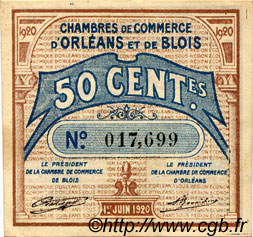50 Centimes FRANCE regionalismo y varios Orléans et Blois 1920 JP.096.01 MBC a EBC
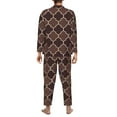 thumbnail image 5 of Bingfone Men'S Pajama Set 2 Piece Loungewear Pjs, Long Sleeve With Pajama Pants-Brown Gold Grid, 5 of 9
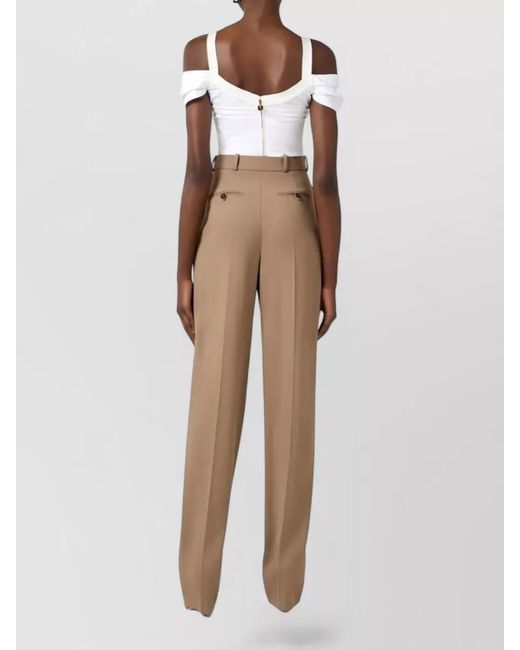 Elisabetta Franchi Natural High-Rise Tailored Trousers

# INSTRUCTIONS FOR THE TASK:
The expected answer is an unaltered copy of the listing, images removed.

# OUTPUT OF THE TASK:
50 Centimes FRANCE regionalismo y varios Orléans et Blois 1920 JP.096.01 MBC a EBC
 thumbnail image 5 of Bingfone Men'S Pajama Set 2 Piece Loungewear Pjs, Long Sleeve With Pajama Pants-Brown Gold Grid, 5 of 9
 Elisabetta Franchi Natural High-Rise Tailored Trousers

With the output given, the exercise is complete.